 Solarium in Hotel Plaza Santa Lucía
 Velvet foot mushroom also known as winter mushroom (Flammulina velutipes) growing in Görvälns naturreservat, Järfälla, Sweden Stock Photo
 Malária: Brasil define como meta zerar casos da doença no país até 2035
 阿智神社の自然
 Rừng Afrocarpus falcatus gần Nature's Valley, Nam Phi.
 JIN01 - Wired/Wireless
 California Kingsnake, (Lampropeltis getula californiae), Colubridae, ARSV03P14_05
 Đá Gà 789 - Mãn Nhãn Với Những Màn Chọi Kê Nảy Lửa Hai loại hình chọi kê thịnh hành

- [Task goal]: Your answer should be every entry above, repeated exactly.

- [The completed task]:
 Solarium in Hotel Plaza Santa Lucía
 Velvet foot mushroom also known as winter mushroom (Flammulina velutipes) growing in Görvälns naturreservat, Järfälla, Sweden Stock Photo
 Malária: Brasil define como meta zerar casos da doença no país até 2035
 阿智神社の自然
 Rừng Afrocarpus falcatus gần Nature's Valley, Nam Phi.
 JIN01 - Wired/Wireless
 California Kingsnake, (Lampropeltis getula californiae), Colubridae, ARSV03P14_05
 Đá Gà 789 - Mãn Nhãn Với Những Màn Chọi Kê Nảy Lửa Hai loại hình chọi kê thịnh hành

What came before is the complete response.